Abstract:
A stale packet removal apparatus and method are provided for a digital processing system of the type having multiple devices that communicate via a plurality of unidirectional rings. Each requesting device sets a traversal count value in a packet and then sends the packet. When the packet is received at an agent, the agent changes the traversal count value and sends the packet onto another of the unidirectional rings. When a device receives the packet, the device identifies the traversal count value and discards the packet responsive to a predefined traversal count value.

Description:
BACKGROUND OF THE INVENTION 
     1. Field of the Invention 
     The invention relates generally to a digital processing system for devices that communicate via unidirectional rings, and more particularly to method and apparatus for removing stale packets from the system. 
     2. Description of the Prior Art 
     IEEE P1596 SCI (scalable coherent interface) Standards specifies protocols for devices that communicate via unidirectional rings. For each device connection, the ring is broken, and a device interposed such that the ring flows into the input port of the device and out again onto the ring. Encapsulated streams of information, known as packets, originate with a device known as the requesting device or requester, and travel across one or more rings to a device known as the responding device or responder, then return back along the same or alternate pathway. 
     A device may insert packets onto a ring to which it is connected, pass packets through from input to output, or extract packets from the ring. If a packet is extracted from the ring, a copy is not passed to the device&#39;s output or onto the ring. All devices within a system may be connected within a single ring, or one device may be connected into two or more rings by an agent function. Agents selectively move packets between rings in order to transport packets between devices on distinct rings. 

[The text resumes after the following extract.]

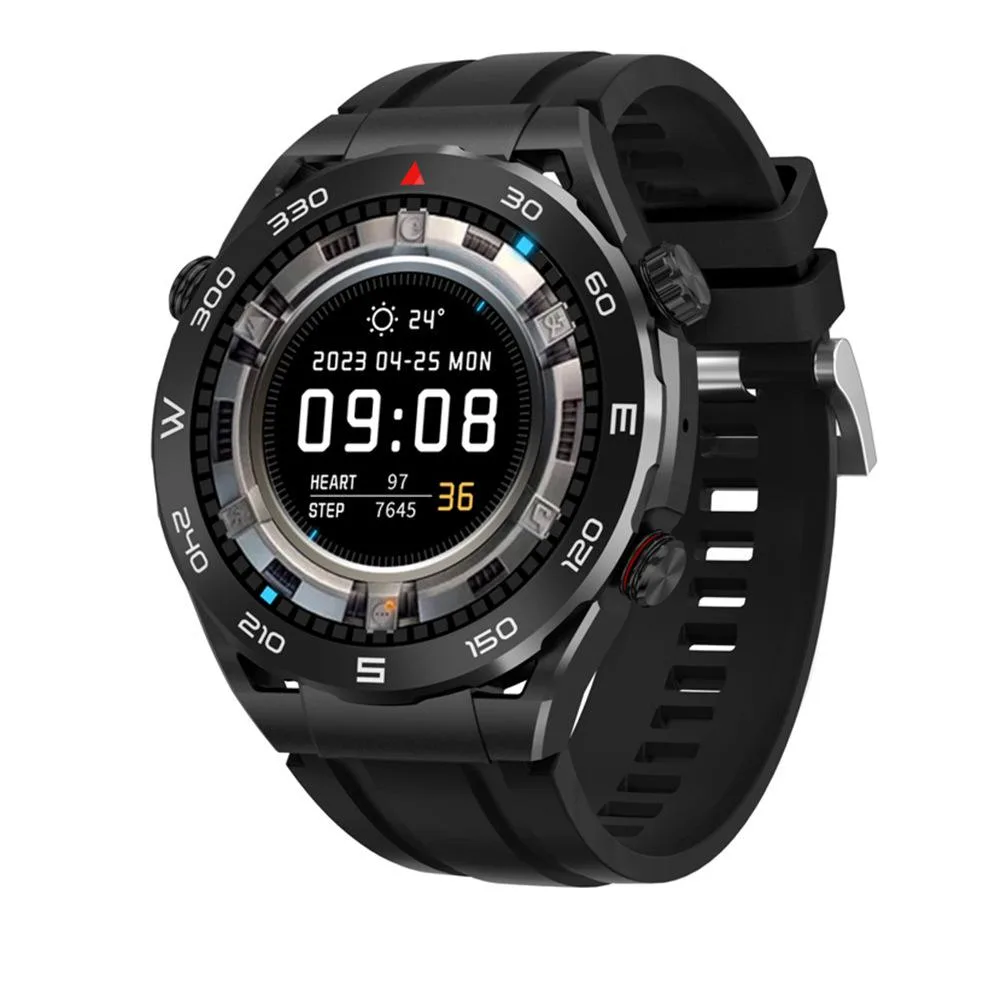 allentian allentian Mt15s Smart Watch 160G — product photo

     Each connection point on a device to a ring, known as a port, has the capability to scrub packets. Exactly one scrubbing function is enabled per ring. Within each packet, there is a single bit field defined as the old bit. Each time a packet is inserted onto the ring, the old bit is cleared. When such a packet passes through the enabled scrubber, the scrubber examines the state of the old bit field. If the state is still clear, the old bit field is set. If the old bit field is already set on arrival, then the entire packet is extracted from the ring and discarded. This bounds the time a packet may continuously travel on one ring to a little less than two cycles. 
     The old bit limits continuous travel on a single ring, but does not bound the total time a packet may travel on two or more rings. IEEE P1596 SCI Standards specifies a time-of-removal (TOR), time-stamp field embedded within the packet, to denote when the packet should be extracted and discarded. The time of removal is set based on the time at which a packet originates at the requestor plus some time interval thought to allow any correct transport to occur. The time of removal is encoded using mantissa and exponent values. 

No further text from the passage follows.